La presidenza indonesiana è portata a un tentativo “istituzionale” di evitarlo. L’Italia e l’India, nella Troika, devono aiutare con concretezza la riflessione in proposito. Un radicale fallimento del G20 avrebbe come probabile conseguenza un rafforzamento del ruolo del G7 che tenderebbe ad allargarsi (includendo almeno l’Australia e la Corea del Sud) e a nutrire una crescente contrapposizione dei paesi “occidentali” più “sviluppati” al resto del mondo.

Nella migliore delle ipotesi il tavolo potrebbe evolvere verso incontri a quattro: Usa, Ue, Cina e India, con Africa e Sud America ospitati tramite i rappresentanti di unioni di Stati.
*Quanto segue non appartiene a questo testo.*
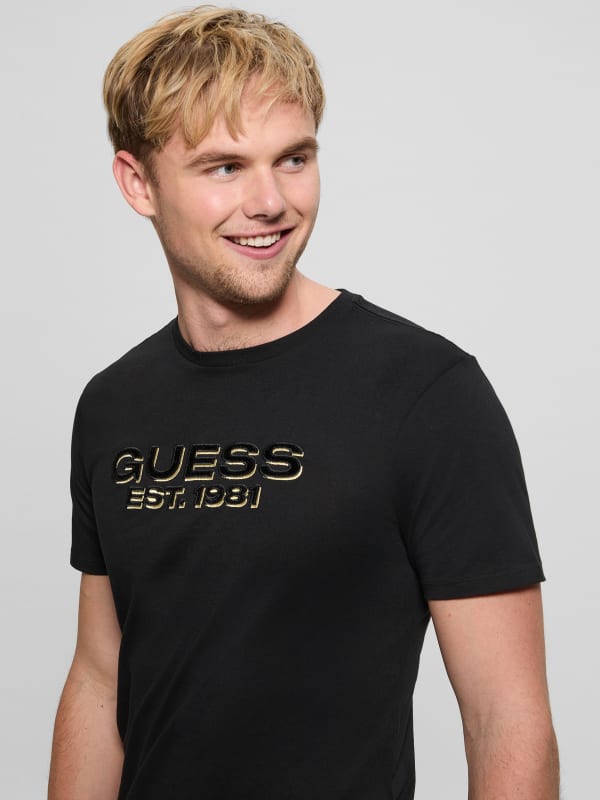 Camiseta Guess Eco Velvet Signature
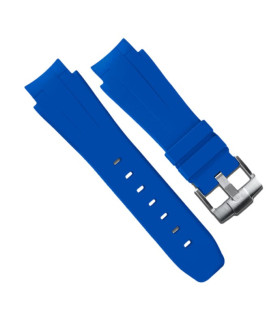 Rubber B strap M107 Blue with buckle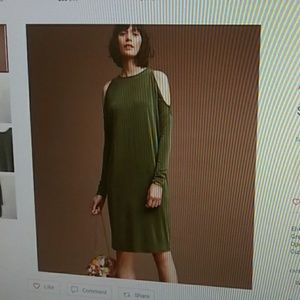 Anthropologie Cold Shoulder Jersey Dress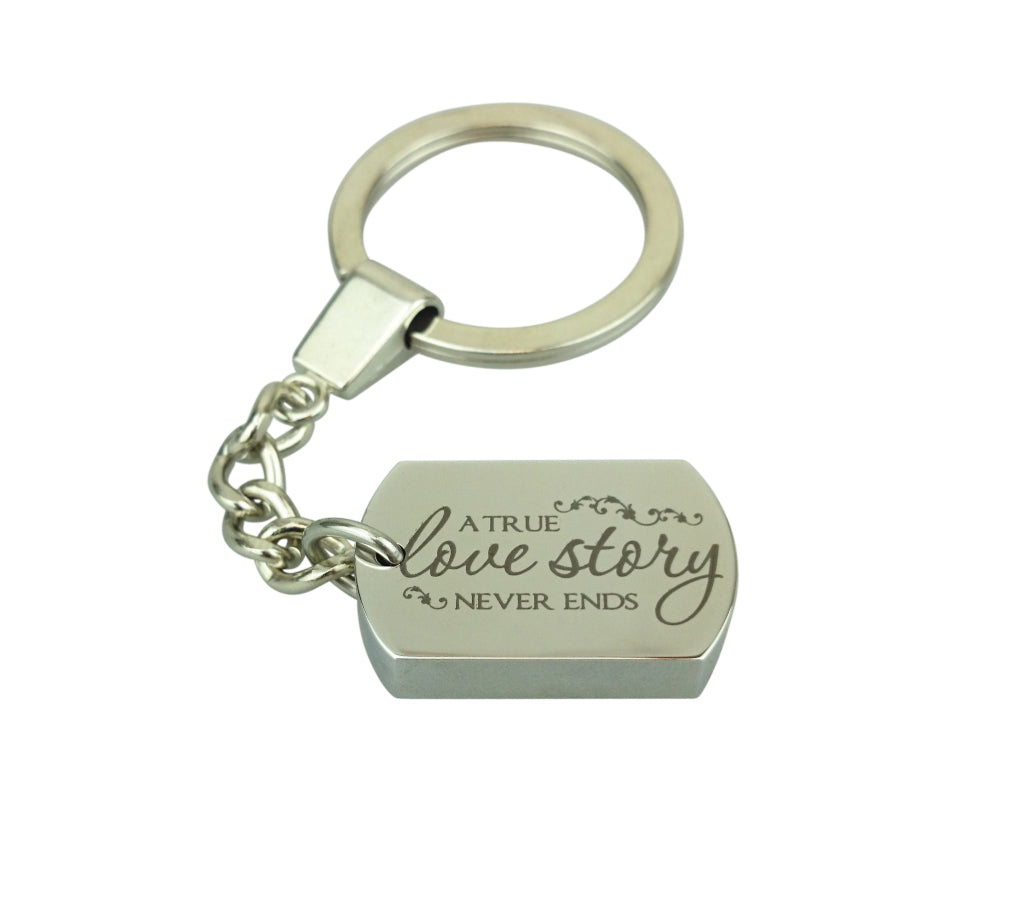 Love Story Cremation Urn Keychain Keyring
Ma rischierebbe di risultare una contrapposizione più che di una collaborazione fra parti del mondo.

Forse c’è modo di ottenere che il G20 giunga a delibere urgenti, condivisibili anche da chi vede la guerra ucraina da posizioni diverse. Difficilissimo comunque ottenere il consenso della Russia, ma non è impossibile tentare il voto 19 a 1 su poche decisioni essenziali (mentre Cina e India impedirebbero di ridefinire il G20 senza Russia).

L’Italia potrebbe adoperarsi perché il G7, i cui lavori stanno svolgendosi sotto la presidenza tedesca, prema ufficialmente sul G20 (ovviamente tutti i suoi membri ne fanno parte) perché si proceda su una agenda molto ristretta ma cruciale. In particolar modo un’agenda sanitaria e, nel finance track, i debiti dei paesi più poveri. Sarebbe bello, in particolare, se su un programma limitato fosse possibile ottenere l’impegno della Cina la cui disponibilità dovrebbe convincere gli Usa a non rifiutare di tenere in vita il G20 nonostante la Russia.